11 March 2012
I blew it.
I took an interesting photo with the K-5 recently.. but I blew the highlights. I also used jpeg and so blew the opportunity to make it better with some easy processing. It wasn't too badly blown though, so I decided to pull it into Elements 9 to see what could be done.
Once I had it in I did a quick crop and a bit of rotation, to eliminate a lot of boring background. At that point I could use my SmartCcurve plugin and adjust colors to get things looking a bit better. In this case I decided to use my new ReDynamix plugin, which can do many of those things and offers the opportunity to add some HDR-type effects as well.

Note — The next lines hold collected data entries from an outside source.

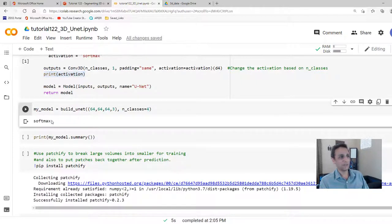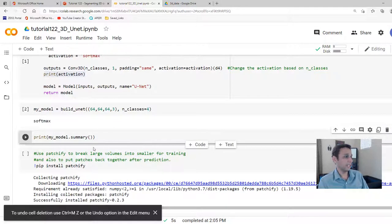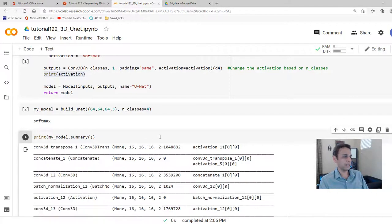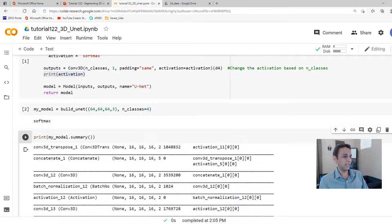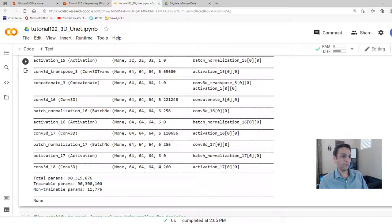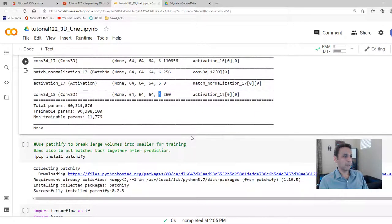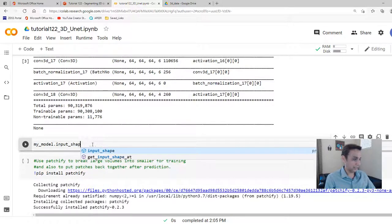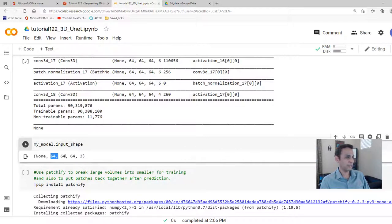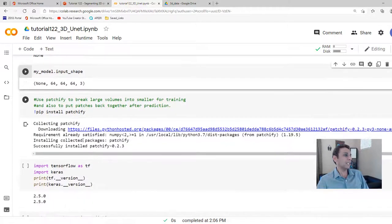The model uses softmax activation for multi-class classification. In the summary you can see 64×64×64 all the way through, ending with 64×64×64×4 — four classes. To check input and output shape, use `my_model.input_shape`, which should give you 64×64×64×3. Now let's install patchify — a library for chopping large images into smaller ones, working for both 2D and 3D. The TensorFlow and Keras version I'm using is 2.5.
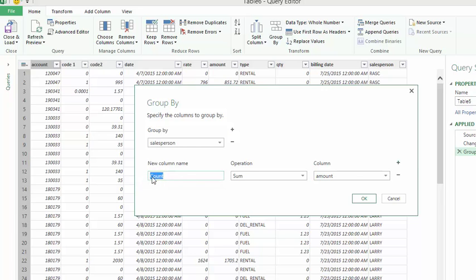It has by default put count in there. So what I'm going to do is I'm going to put in total amount.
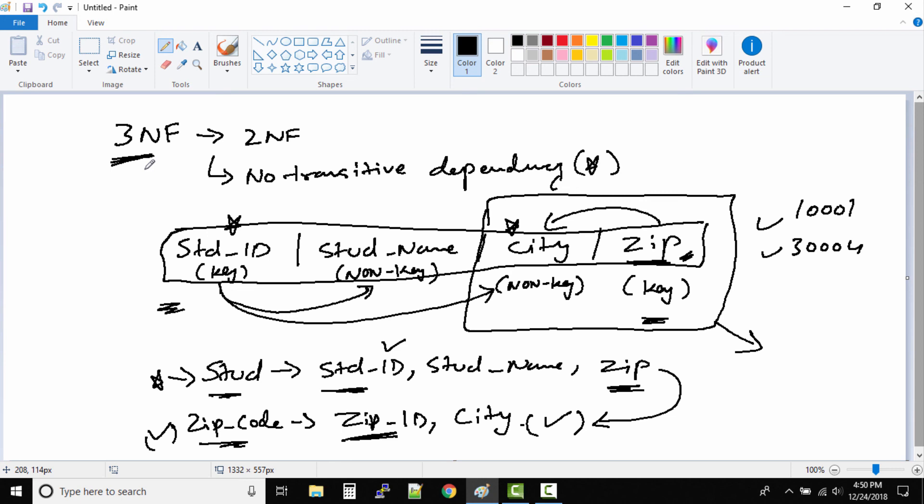As I mentioned earlier, there are more types of normalization forms, but for your certification and for your understanding, third normal form is more than enough.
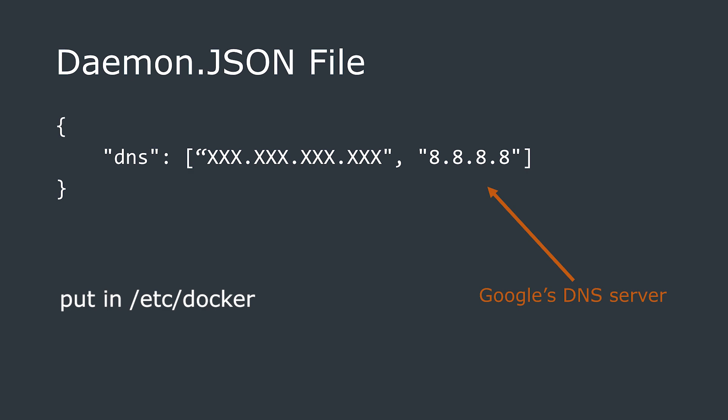This is an easy fix if you're struggling with this. Simply create a file called daemon.json in /etc/docker. In this file, we are going to put the IP address of your DNS server, which in my case is my pihole server, and I'm going to use Google's DNS server as a failover. You'll need to restart your Docker stack after doing this, and you should now be able to install the plugins.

I've mentioned in the past that HDR is not my cup of tea, at least not the typical "HDR!!" that I often see online. That sort makes great images for fantasy-epic novel covers, but for capturing something that I experience on planet Earth I just don't get it. I found ReDynamix online for cheap (and a free trial) and found that it could be restrained to my less ambitious style, so it now has a bit of space on my hard drive for images like this and days like today to play with them.
In the RyDynamix module I knocked down the gamma to allow for some reduction of the overexposure, then played with the sliders. I generally turn down saturation and vivid-color choices, then tone down the dynamic-light strength to about half what it chooses as its default. From there I move things around a bit, and then moved over to curves and color-enhancement modules. I found the tree beginning to look like a series of peeling brass pipes, and I liked it - so I nailed down the HDR portion, added a pinch of sharpening and came up with the lower image.
I like the result here, as it brought back much of the blown-out areas. It also saturated the colors and adjusted the balance without proclaiming itself an "HDR!!" masterwork. And it took less than ten minutes of processing on a jpeg image. I still prefer the raw option, but it's good to know I can improve on a non-raw image without breaking it. This image was taken with my 'new' SMC-M 40mm pancake lens - I owned this once many years ago, sold it in 2008 when I bought into Sony's system. I missed this lens when I returned to Pentax, and this copy looks like a good one. Gosh it's thin!
p.s. if you don't recognize the tree, I assure you it's not sick and dying - it's a madrone/madrona tree, Arbutus menziesii, and its peeling bark is a giveaway. It should be more red, but when the brassiness came over it in processing I enjoyed it.. so much for realism in my imaging, I suppose!